The Ministry of Earth Sciences undertook a study in October 2018 indicating that 21 per cent of the air pollution in Delhi was caused by dust. The high-speed winds that blow during the summer contribute to spreading harmful pollutants coming from other states like Rajasthan, Gujarat and Haryana. During the summer, the burning of wheat stubble in nearby agricultural areas exacerbates Delhi’s air pollution, as do forest fires in Uttarakhand.

On 13 May 2019, the air quality index reached a critical level for particulate matter 2.5, with an average recording of 154 micrograms per cubic meter. This is approximately five times the level for a safe environment. In some areas of the national capital region, the air quality index registered 500 micrograms per cubic meter.

The change in vehicular and domestic emissions (shifting to CNG and LPG) has led to an increase in nitrogen oxides. The chemical reactions of various oxides of nitrogen during summer heat is said to have produced some of the most harmful pollutants.

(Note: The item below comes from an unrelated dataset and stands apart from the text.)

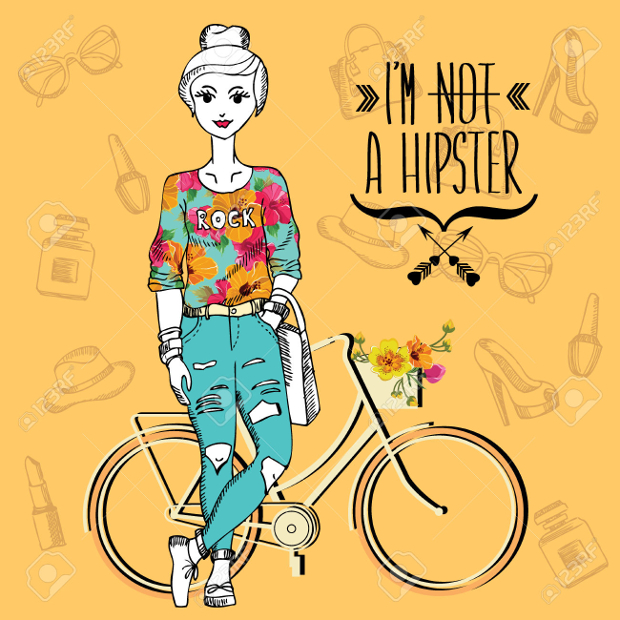 hipster girl illustration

Apart from various regular pollutants, ozone gas emerged as a key pollutant in Delhi during the summer. The Centre for Science and Environment analyzed the data given by the Central Pollution Board for Delhi NCR on a daily level from 1 April to 15 June 2019. This report found that the ozone levels in Delhi exceeded the average prescribed level by a huge amount this summer as compared to the previous summer: The ozone levels in Delhi were as high as 16 per cent in 2019 compared to 5 per cent in 2018. This summer the highest concentration of ozone rose by 1.22 times from the standard prescribed level to a figure of 122 microgram per cubic meter. In May 2019, 20 per cent of the days exceeded the prescribed level as compared to 3 per cent in May 2018.

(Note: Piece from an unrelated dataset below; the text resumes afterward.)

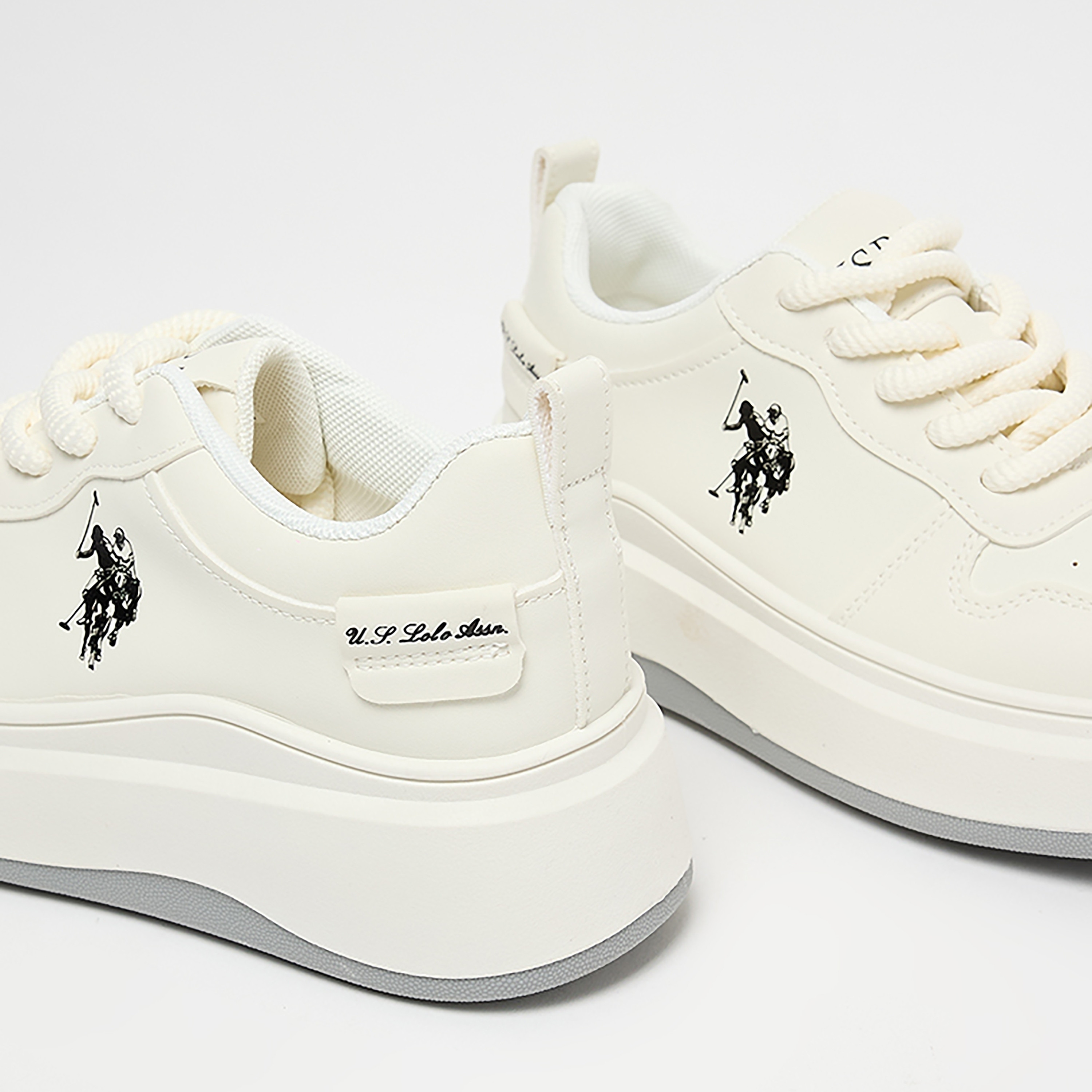 U.S. Polo Assn Women's Lace-Up Low Ankle Sneakers | CHAPPYGLBWMN-women-shoes-sneakers-image-7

So far, various studies and reports on air pollution have been limited to Delhi. However, if we analyze the air pollution in nearby towns of northern India like Jaipur, Patna, Raipur, Gwalior and Allahabad, one can see the air quality index is almost as harmful as that of Delhi.

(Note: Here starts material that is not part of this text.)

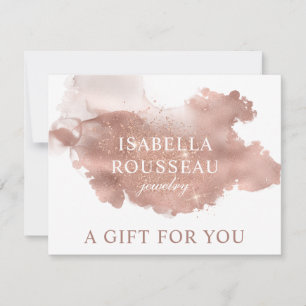 Certificado de regalo de joyería de tinta para Pur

The experience of Delhi in dealing with environmental problems on a penal level has shown that instilling deterrence by strictly punishing the offenders of environmental regulations and banning pollutants like firecrackers has actually been successful in curbing violations. This can be linked to the psychology prevalent in the mindset of the people, who have assumed that they can get away with a serious violation of environmental norms as it is not considered a grave offence.

Some long-term holistic solution needs to be launched to tackle air pollution before it becomes a national issue. This air pollution is the main cause of global warming, climate change and damage to the ozone layer. Apart from various public-spirited citizens and groups like Care for Air, there is a need for various state organs and common citizens to step in. There needs to be a sensitization drive across India to make people aware of the causes of air pollution along with all possible remedies.